(Short descriptive text snippets)
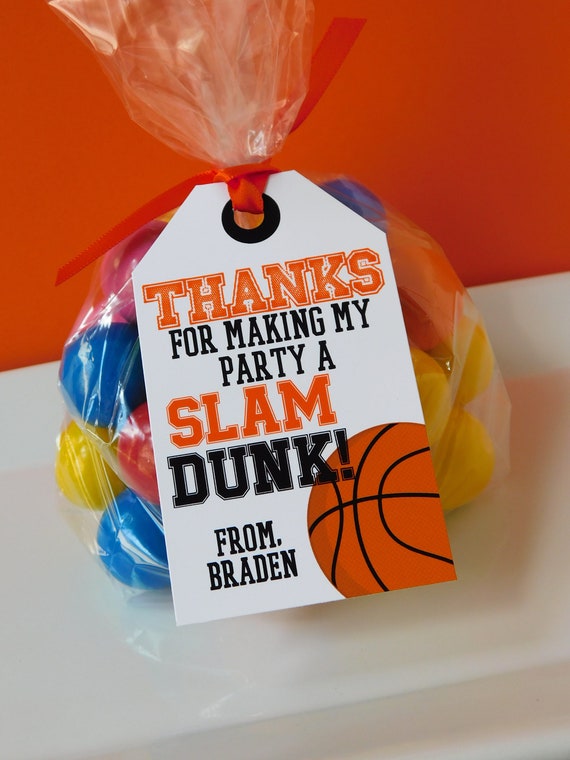 Basketball Favor Tags, Basketball Thank You Tags, Basketball Birthday Party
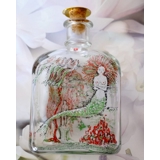Holmegaard H. C. Andersen glass bottle with "The Little Mermaid"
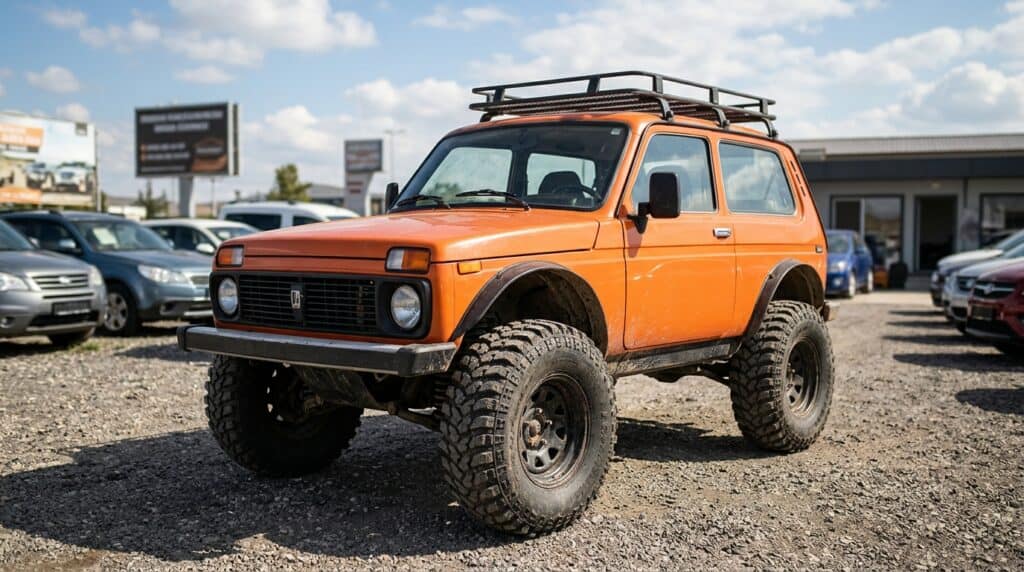 Çakıl zeminde duran tavan bagajlı ve büyük off-road lastikli turuncu bir Lada Niva.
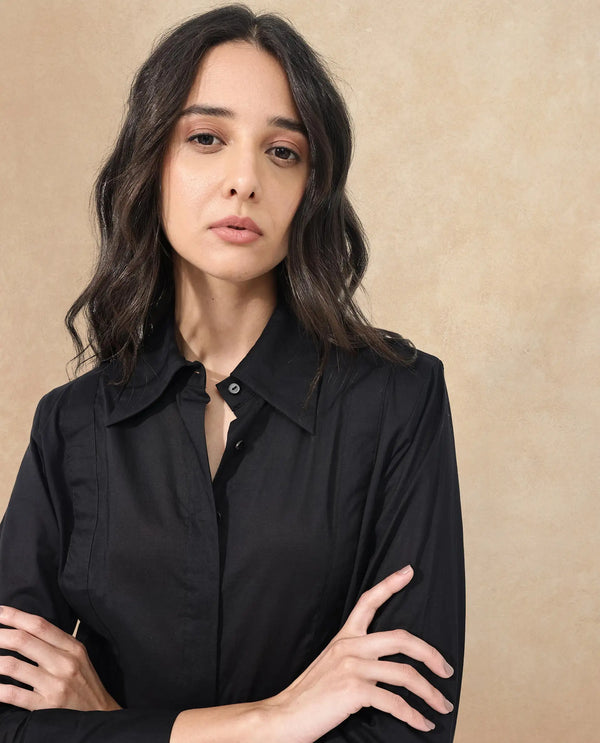 Rareism Women Arthur Black Cotton Fabric Collared Neck Solid Regular Fit Shirt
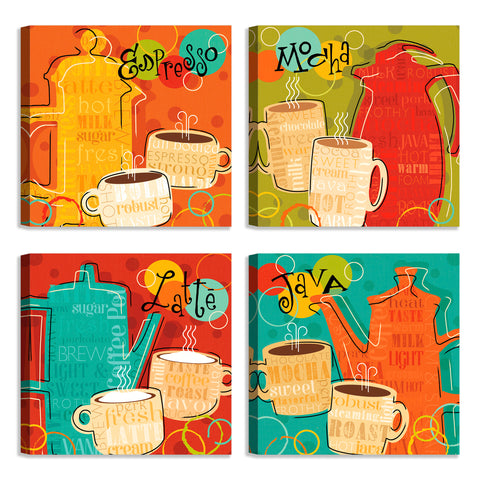 Quadri Stampa su Tela con Telaio in Legno 4 pezzi Caffetteria, Bar, Caffè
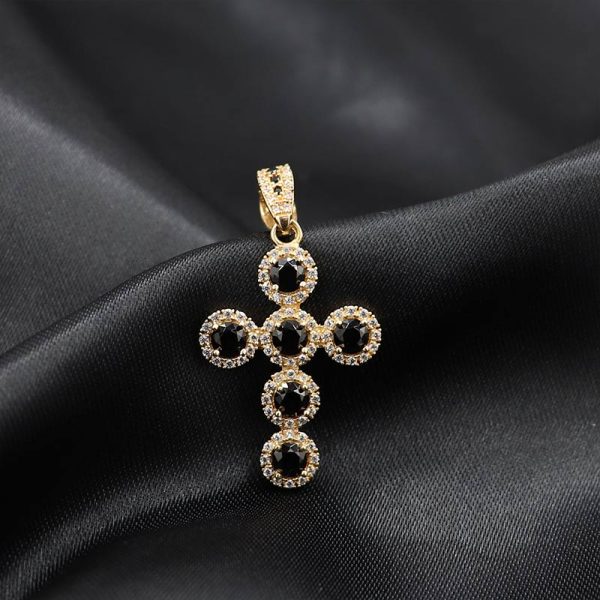 Dijen Cruz Zircones Negros | Oro 18K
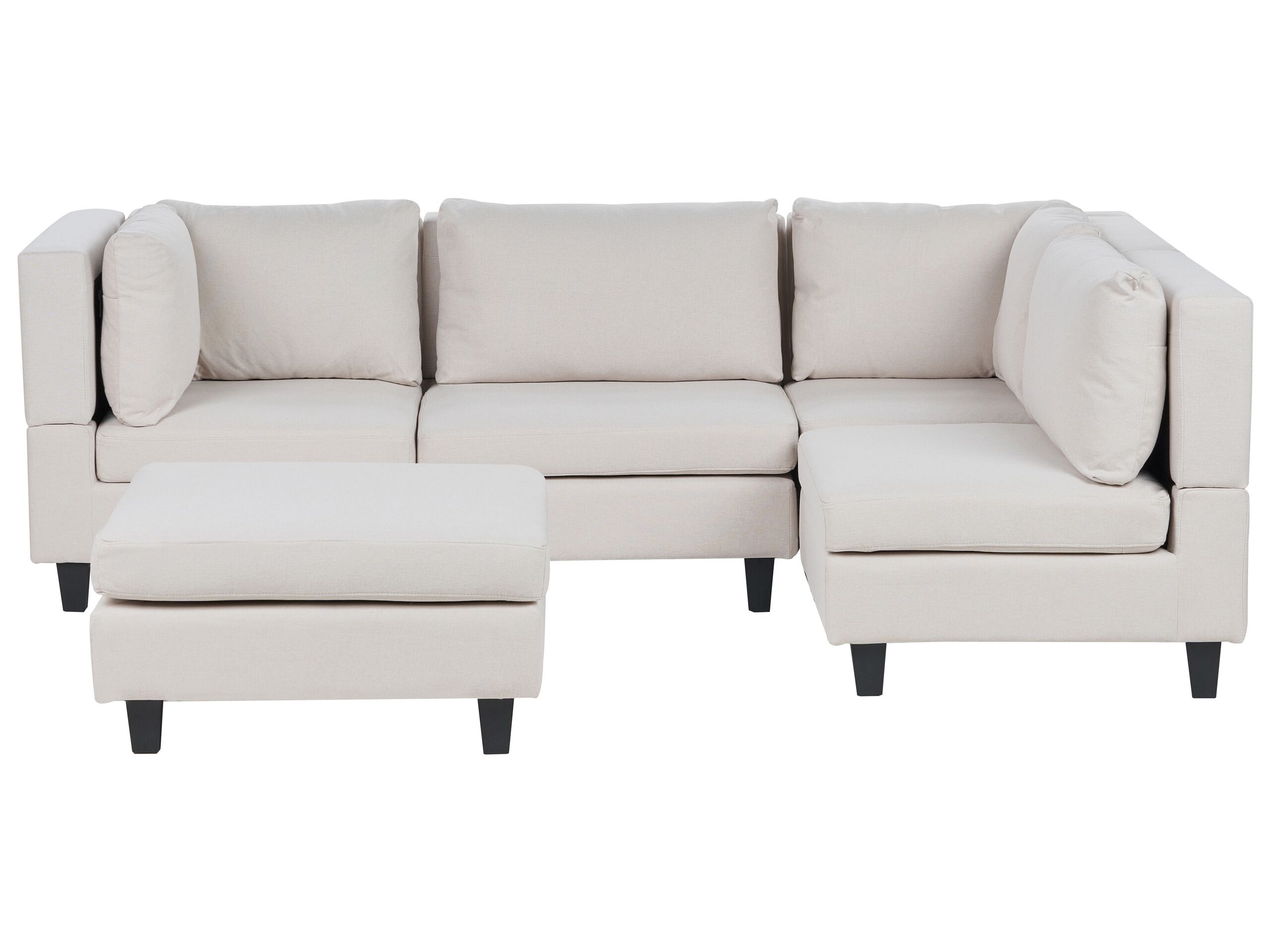 4 Seater Left Hand Modular Fabric Corner Sofa with Ottoman Light Beige UNSTAD - Gemini Interiors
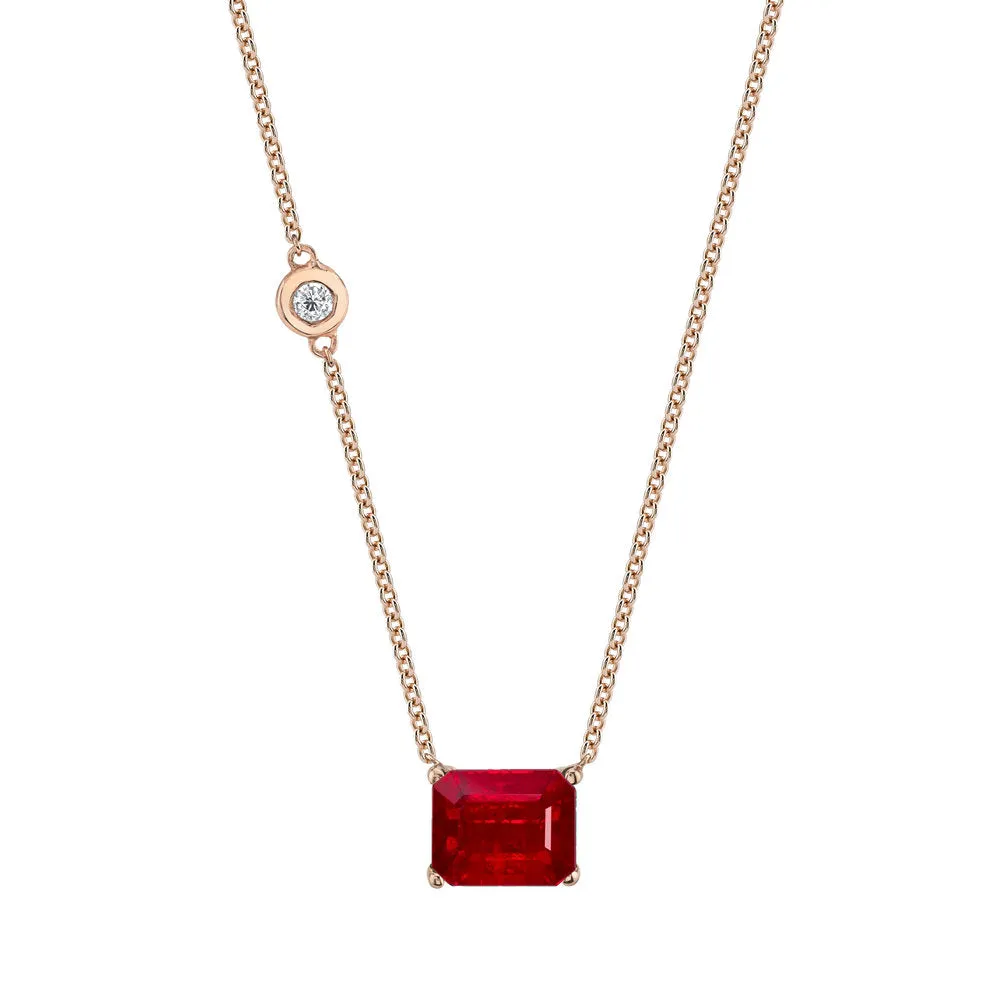 MEDIUM RUBY SOLITAIRE NECKLACE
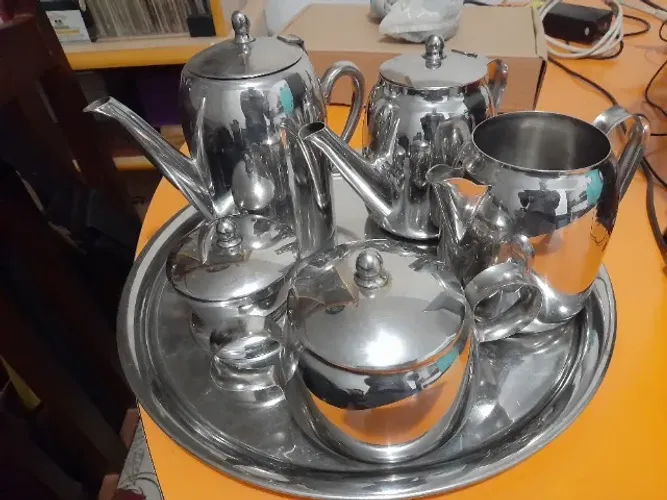 Conjunto de Serviço de Café Fracalanza, em aço inox, antigo, ler a descrição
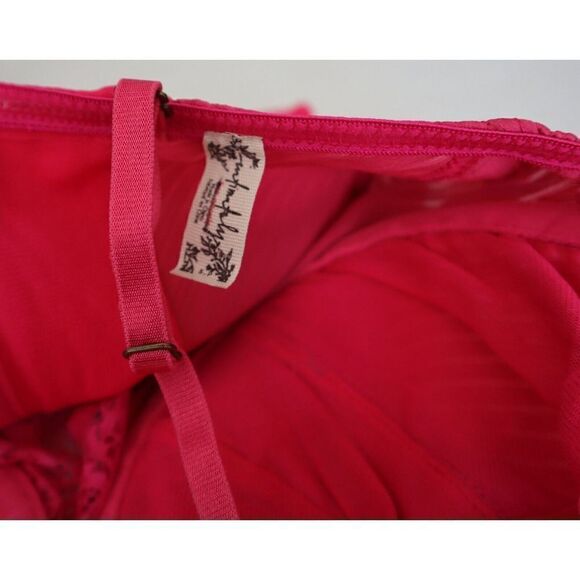 Intimately x Free People Sz Small Pink Built In Bra Corset Back Thong Bodysuit - Picture 6 of 9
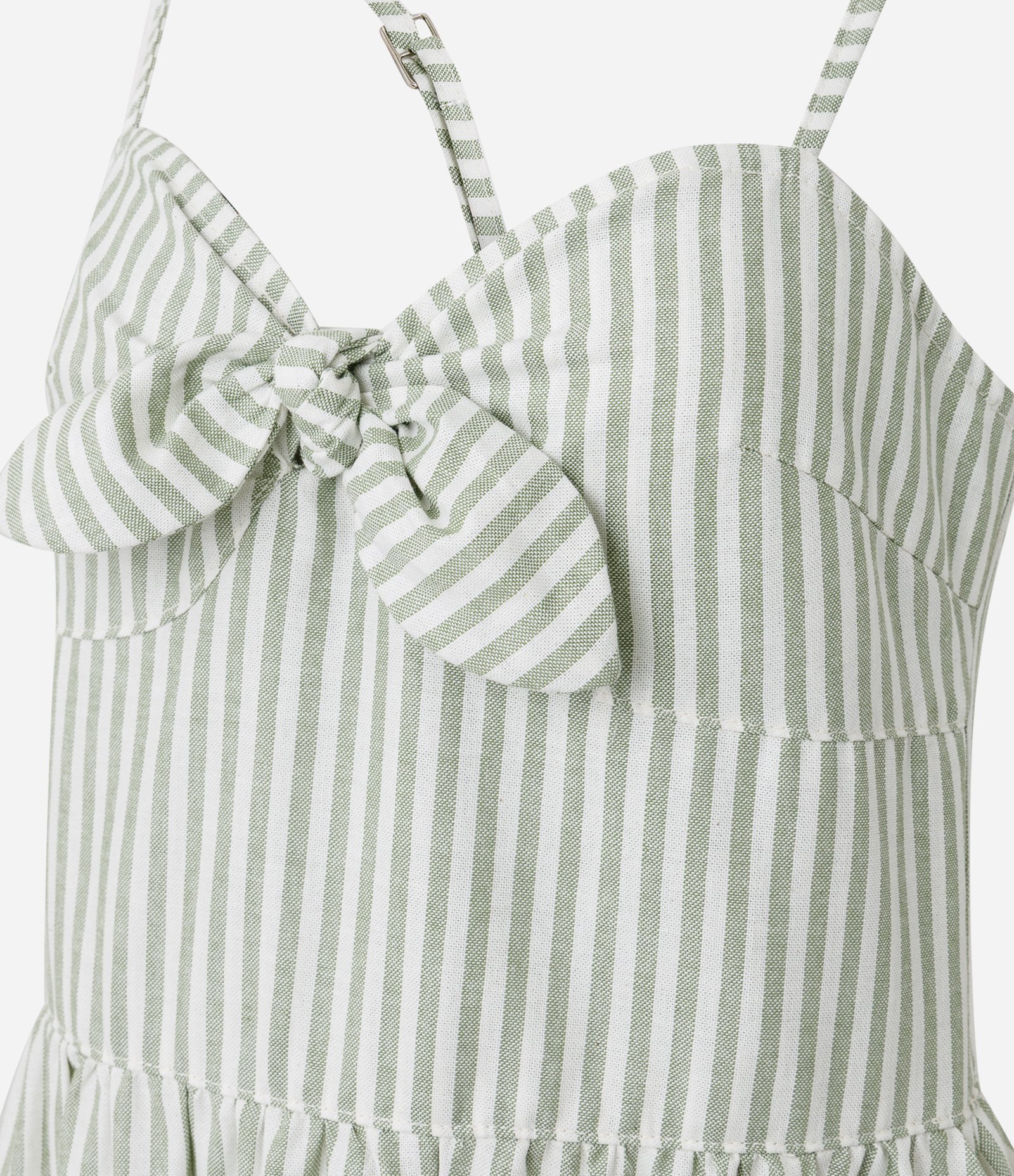 Vestido Longo Maquinetado Listrado com Laço no Busto Verde Claro 2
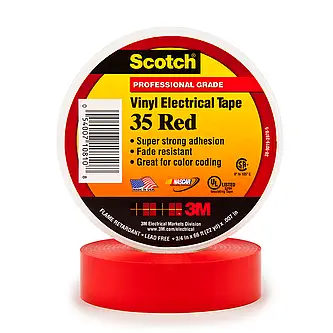 Scotch 35 Vinyl Elektro-Isolierband, Rot, 19 mm x 20 m, 018 mm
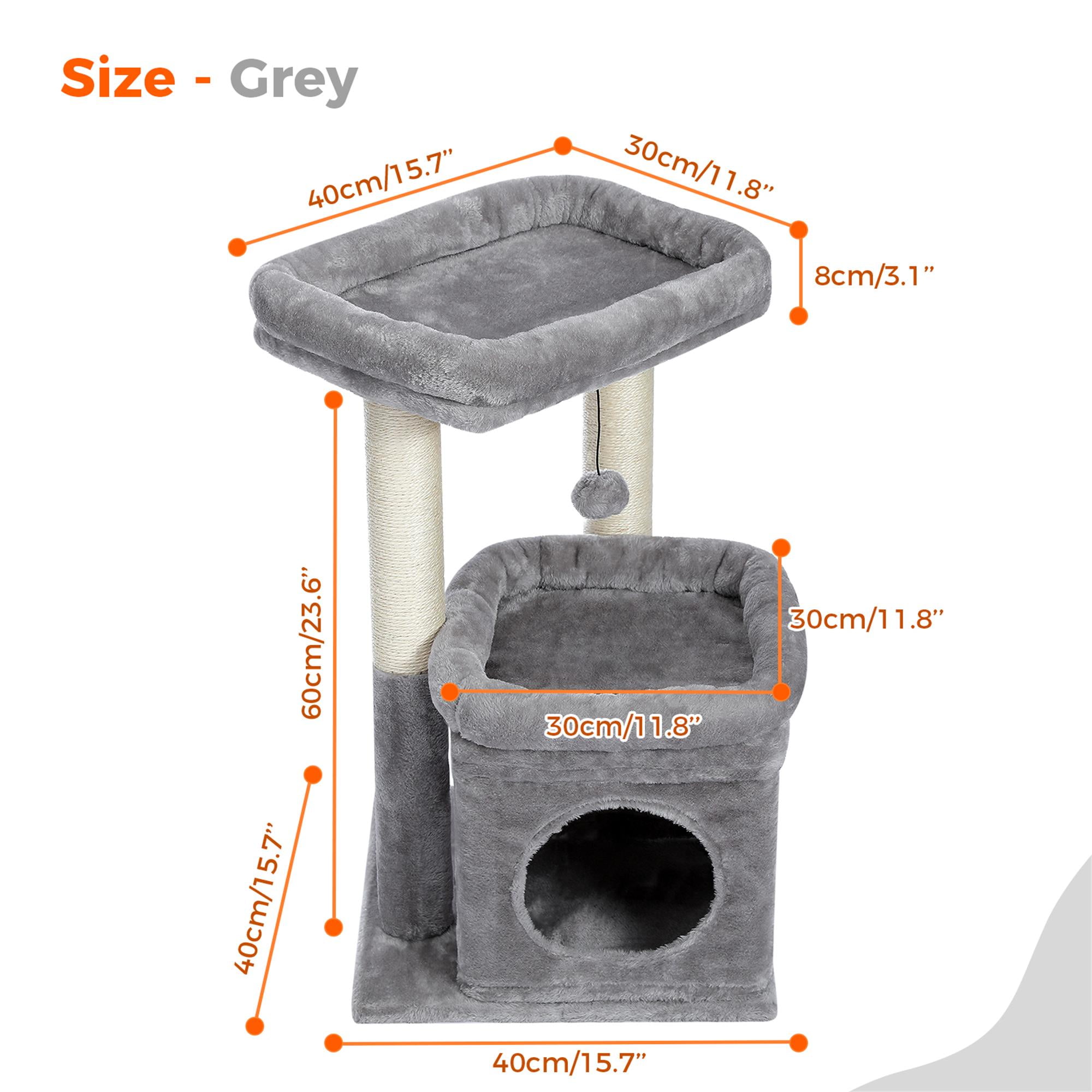 Pefilos 27" Cat Tree Tower for Indoor Cats with Private Cozy Cat Condo, Natural Sisal Scratching Posts and Plush Pom-pom for Small Cats, Gray Pefilos 27" Cat Tree Tower for Indoor Cats with Private Cozy Cat Condo, Natural Sisal Scratching Posts and Plush Pom-pom for Small Cats, Gray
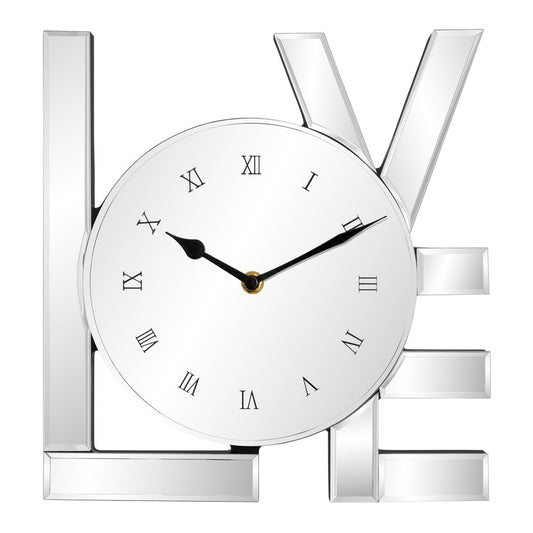 11" Silver Mirrored Glass Love Wall Clock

* _How to complete this task_: Go down the entries above from the line containing "Dijen Cruz Zircones Negros | Oro 18K" to the line containing "Conjunto de Serviço" and write out each line exactly, leaving pictures out.

* _Written solution_:
 Dijen Cruz Zircones Negros | Oro 18K
 4 Seater Left Hand Modular Fabric Corner Sofa with Ottoman Light Beige UNSTAD - Gemini Interiors
 MEDIUM RUBY SOLITAIRE NECKLACE
 Conjunto de Serviço de Café Fracalanza, em aço inox, antigo, ler a descrição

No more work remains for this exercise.